[What the task requires] Make an exact copy of each entry, leaving out every picture.

[The data]
=-=-=
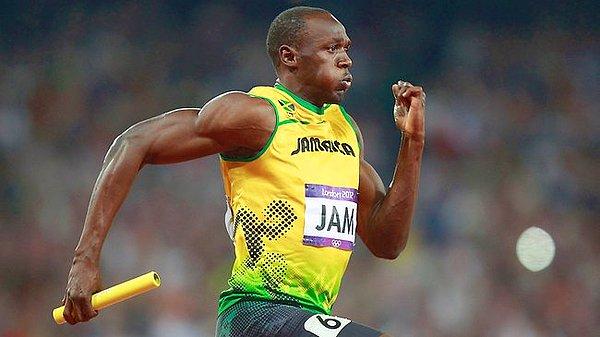 Usain Bolt: Küçücük bir köyden olimpiyat şampiyonluğuna...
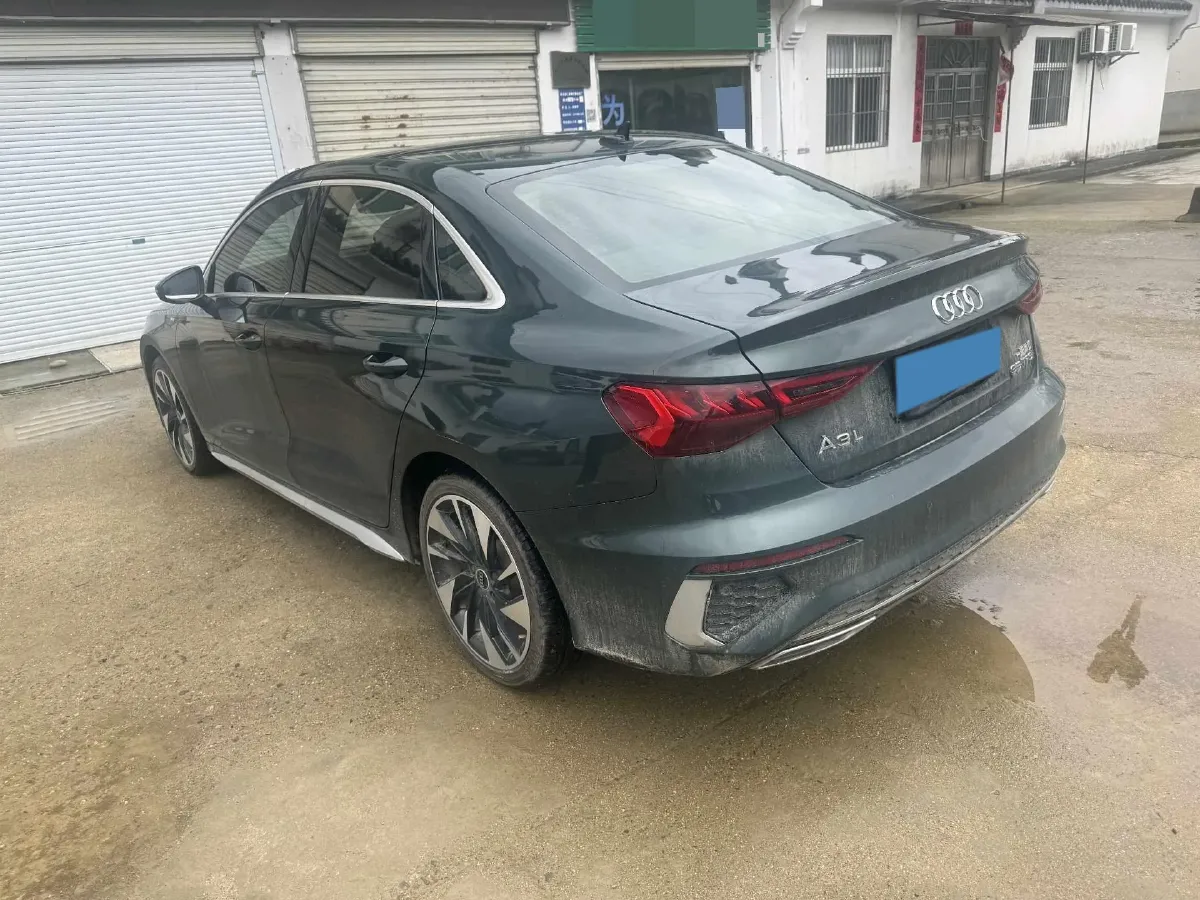 2022 Audi A3 1.4T 150HP L4 7DCT,autocango,china used car exporter,china ev exporter,chinese used car exporter,chinese used ev exporter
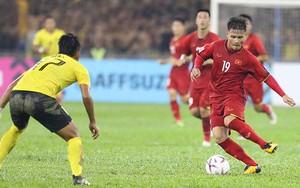 Tiếc hùi hụi với 6 cơ hội bị bỏ lỡ của Việt Nam mà Quang Hải là người kiến tạo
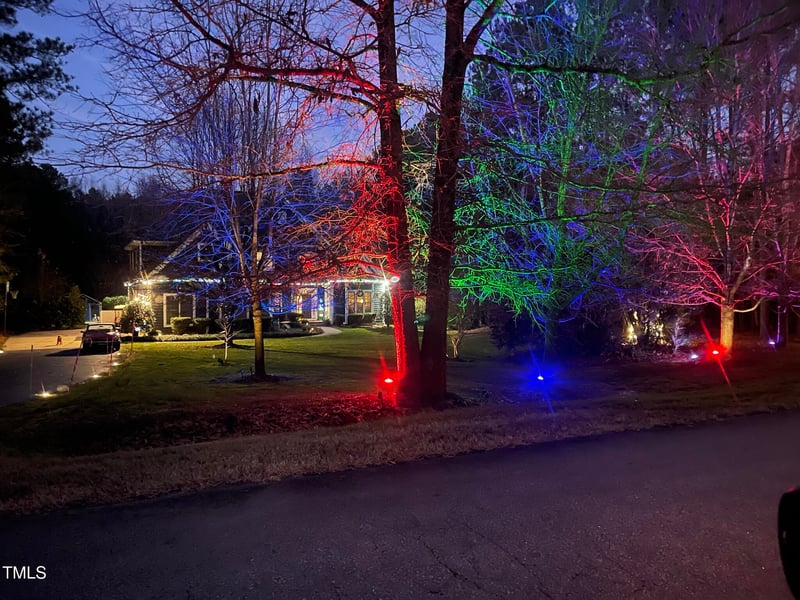 5728 Stuarts Ridge Rd, Wake Forest, NC 27587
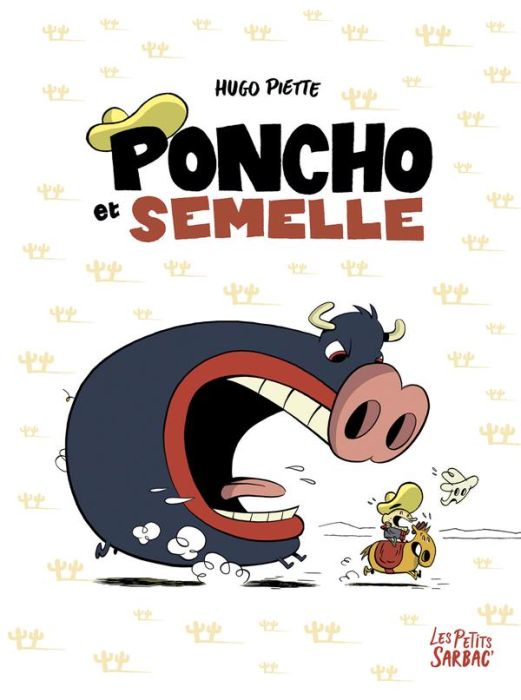 Emprunter Poncho et Semelle : Intégrale livre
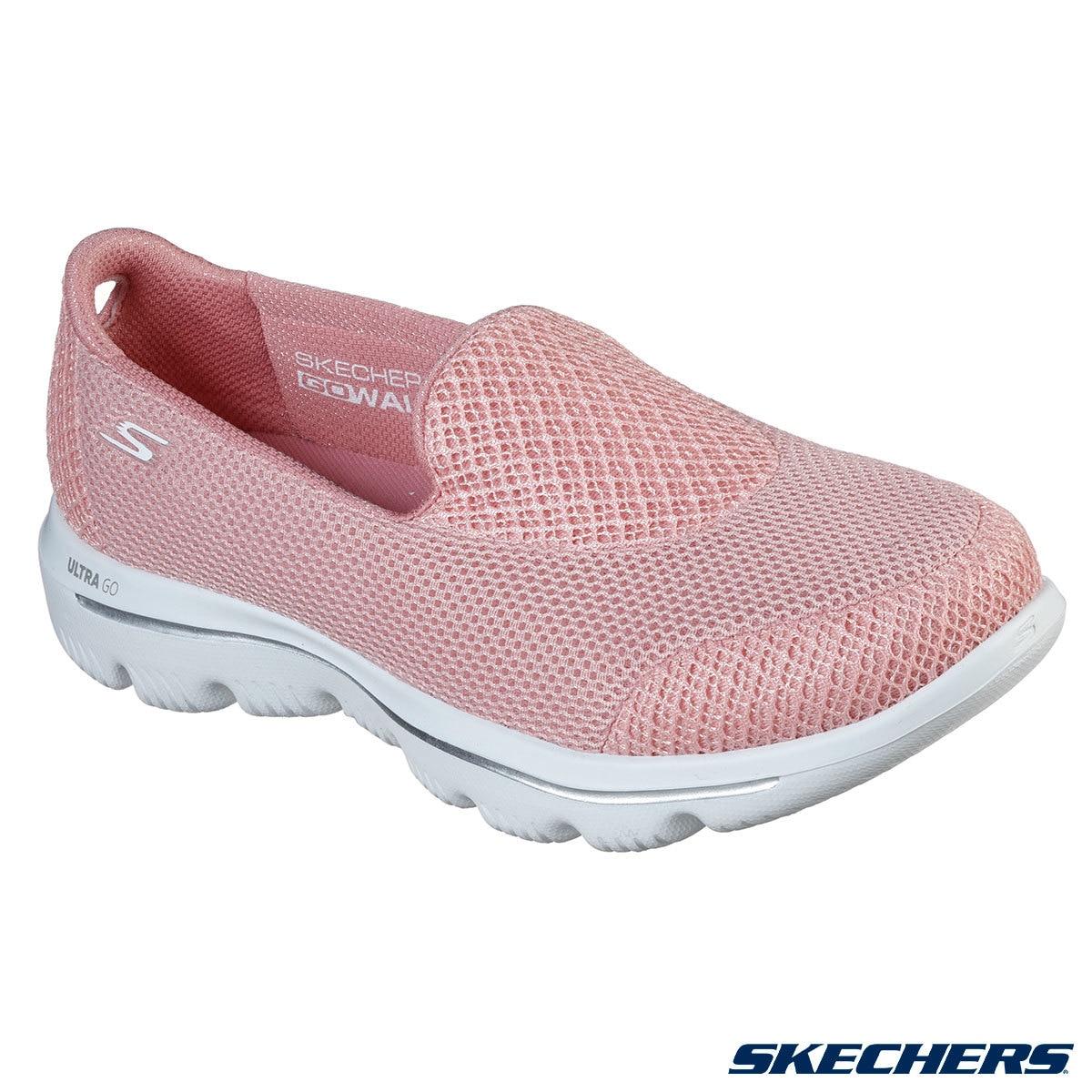 skechers go walk 3 ladies uk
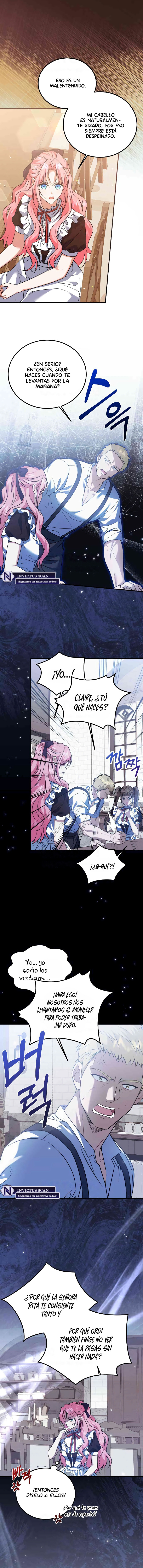 Cómo convertir la angustia en un sentimiento de bienestar Capítulo 22 - Page 9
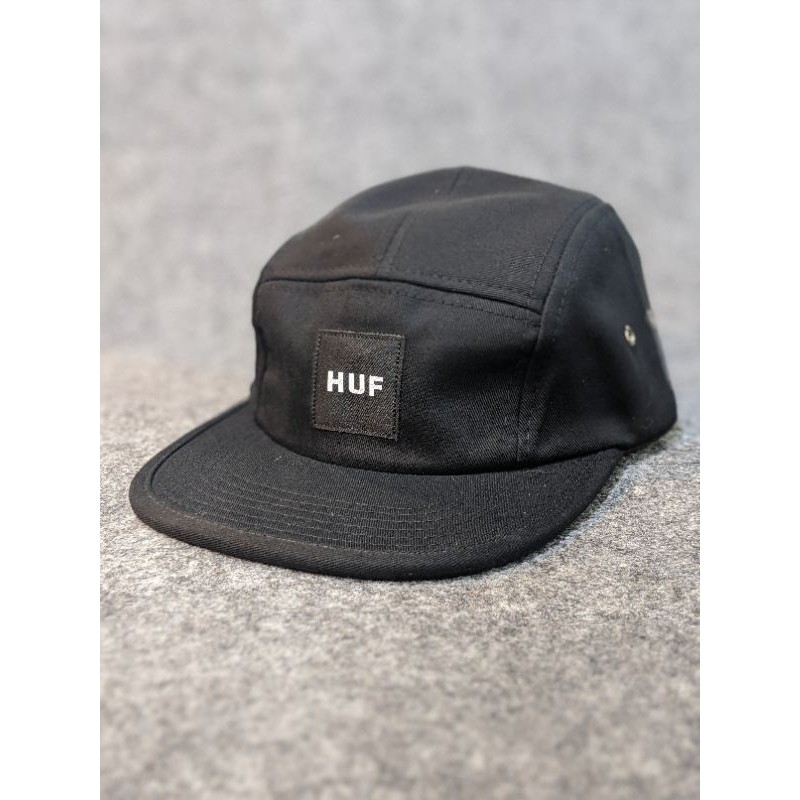 Huf five panel store hat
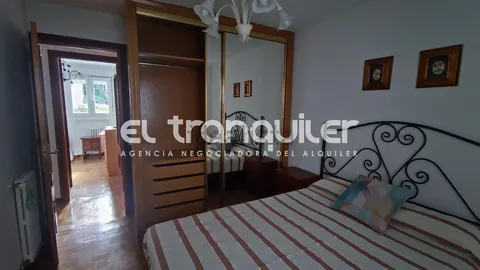 Pis de 89 m² a Madrid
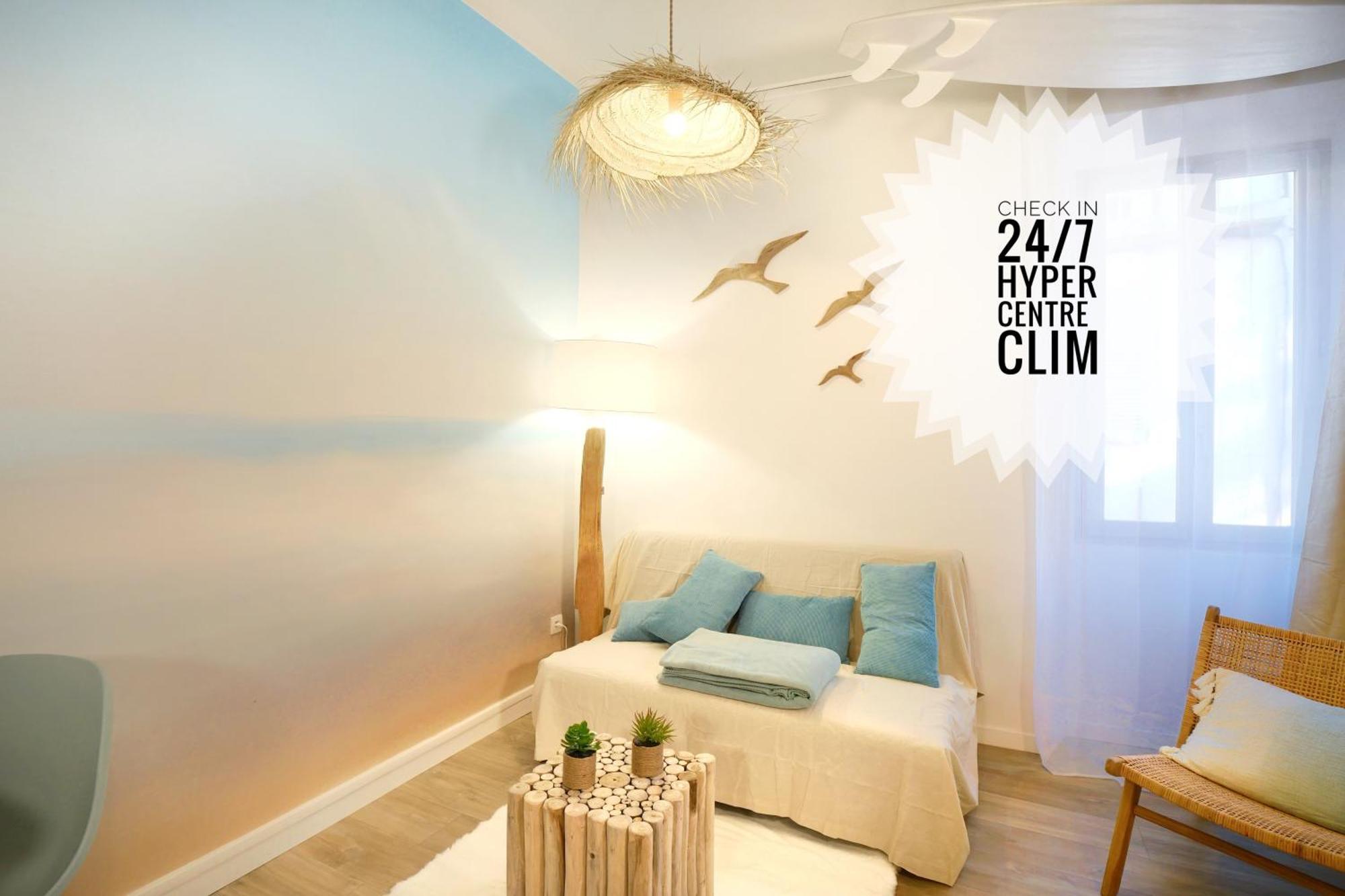 Appartements Premium En Hyper Centre Ville ブリニョール エクステリア 写真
=-=-=
[Solution below]
 Usain Bolt: Küçücük bir köyden olimpiyat şampiyonluğuna...
 2022 Audi A3 1.4T 150HP L4 7DCT,autocango,china used car exporter,china ev exporter,chinese used car exporter,chinese used ev exporter
 Tiếc hùi hụi với 6 cơ hội bị bỏ lỡ của Việt Nam mà Quang Hải là người kiến tạo
 5728 Stuarts Ridge Rd, Wake Forest, NC 27587
 Emprunter Poncho et Semelle : Intégrale livre
 skechers go walk 3 ladies uk
 Cómo convertir la angustia en un sentimiento de bienestar Capítulo 22 - Page 9
 Huf five panel store hat
 Pis de 89 m² a Madrid
 Appartements Premium En Hyper Centre Ville ブリニョール エクステリア 写真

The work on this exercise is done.